Sconfitta l’Isis? Non è vero. Perché dal nord della Siria lo Stato Islamico non è andato via del tutto e ogni giorno documenta azioni e uccisioni, soprattutto contro i combattenti curdo-siriani del Ypg che loro chiamano (con disprezzo) direttamente Pkk (رسالة إلى أهالي أسرى الـPKK | ولاية الشام – البركة) in questo perfettamente allineati con Erdogan.
Ma adesso si sa che gli Stati Uniti si ritireranno “il più velocemente possibile” dalla Siria, ha dichiarato un funzionario Usa all’agenzia Afp, in condizione di anonimato, dopo le indiscrezioni su un imminente ritiro dal Nord-Est del Paese e dall’indiretta conferma da parte del presidente Donald Trump, che ha citato in un tweet l’avvenuta sconfitta dell’Isis, ovvero della ragione per cui gli americani hanno inviato delle forze in Siria.
“Garantiremo una protezione delle forze in modo adeguato”, ha affermato la fonte, sottolineando che si tratterà di “un totale ritiro”.

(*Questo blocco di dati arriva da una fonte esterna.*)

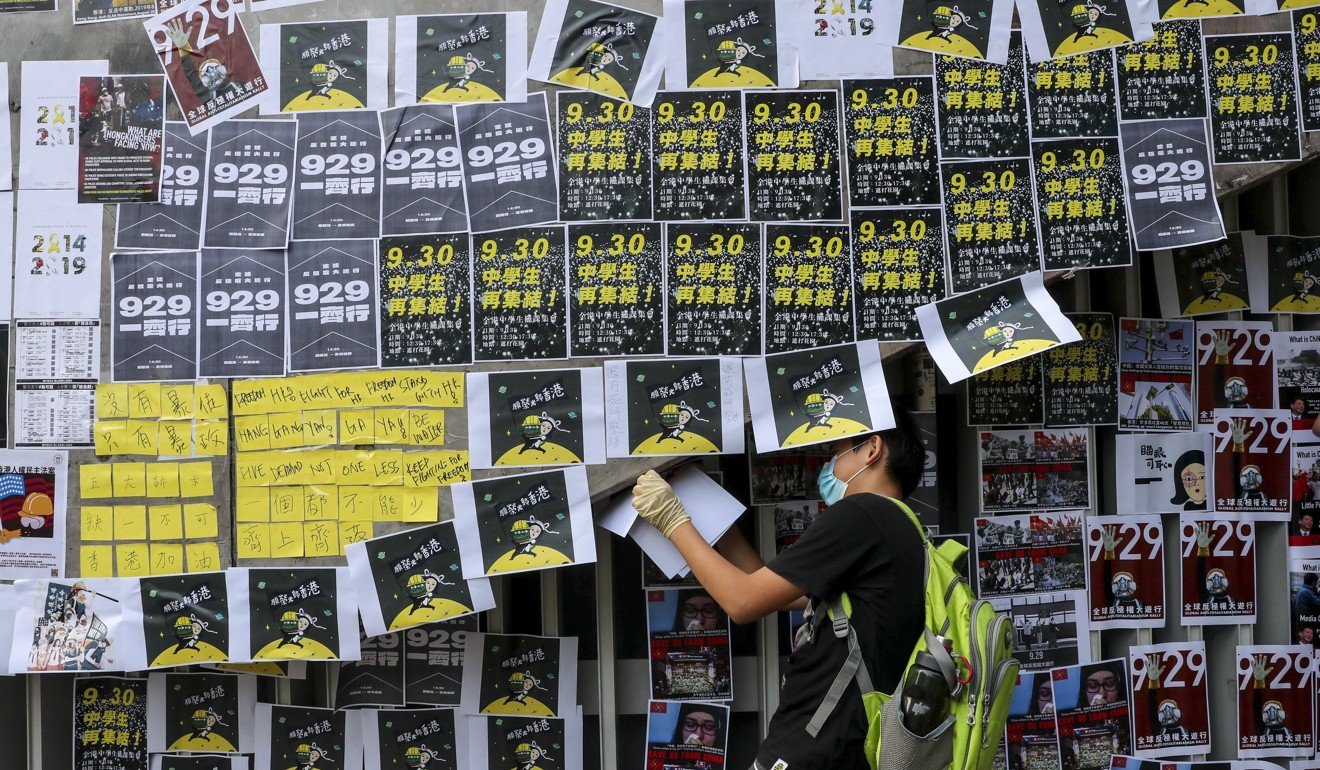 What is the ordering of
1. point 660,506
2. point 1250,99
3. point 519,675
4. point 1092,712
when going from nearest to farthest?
point 660,506 → point 1250,99 → point 519,675 → point 1092,712

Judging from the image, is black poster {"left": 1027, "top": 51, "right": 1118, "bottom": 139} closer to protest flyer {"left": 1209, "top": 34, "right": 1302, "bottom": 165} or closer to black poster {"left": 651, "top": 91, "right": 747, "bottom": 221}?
protest flyer {"left": 1209, "top": 34, "right": 1302, "bottom": 165}

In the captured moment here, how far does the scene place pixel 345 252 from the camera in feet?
11.2

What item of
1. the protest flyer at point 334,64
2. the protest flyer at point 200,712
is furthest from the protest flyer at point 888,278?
the protest flyer at point 200,712

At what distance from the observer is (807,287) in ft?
11.1

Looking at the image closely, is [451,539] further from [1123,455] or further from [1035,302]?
[1123,455]

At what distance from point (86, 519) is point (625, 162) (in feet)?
6.81

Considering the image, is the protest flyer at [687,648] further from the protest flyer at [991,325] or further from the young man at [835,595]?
the protest flyer at [991,325]

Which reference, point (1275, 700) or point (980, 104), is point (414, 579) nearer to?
point (980, 104)

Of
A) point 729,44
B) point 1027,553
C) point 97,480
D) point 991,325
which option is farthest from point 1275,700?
point 97,480

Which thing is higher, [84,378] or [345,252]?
[345,252]

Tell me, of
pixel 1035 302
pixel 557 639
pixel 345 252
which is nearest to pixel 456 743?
pixel 557 639

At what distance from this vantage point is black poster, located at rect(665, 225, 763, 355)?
3383mm

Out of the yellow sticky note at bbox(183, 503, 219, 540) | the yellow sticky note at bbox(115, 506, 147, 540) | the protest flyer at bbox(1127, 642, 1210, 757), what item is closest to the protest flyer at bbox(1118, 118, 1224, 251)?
the protest flyer at bbox(1127, 642, 1210, 757)

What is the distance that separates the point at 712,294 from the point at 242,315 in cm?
148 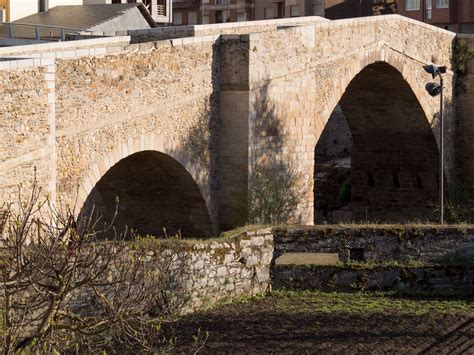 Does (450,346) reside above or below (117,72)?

In precedenza, il Pentagono aveva perorato la causa di una più lunga permanenza militare americana in Siria, sostenendo che bisognava impedire un tentativo dei jihadisti di riprendere il possesso della regione. Ma Trump ha segnalato più volte la volontà di riportare le truppe a casa dal Paese mediorientale appena possibile.
Il primo invio di militari Usa in Siria risale alla fine del 2015, con l’arrivo di un piccolo contingente di forze speciali, poi nei mesi successivi sono stati inviati altri uomini, per un totale stimato a circa 2.000 unità complessive.
Ovviamente, come è facile intuire, in questa situazione i penalizzati saranno i curdo-siriani del Ypg e i battaglioni femminili del Ypj che hanno liberato Raqqa e Kobane ma che sono malvisti da Erdogan (che ha invaso il cantone a maggioranza curda di Afrin dando vita a una vera e propria pulizia etnica) e ormai indigesti ad Assad che vuole riprendere il controllo del Rojava, ossia la regione curda che aveva proclamato la sua autonomia.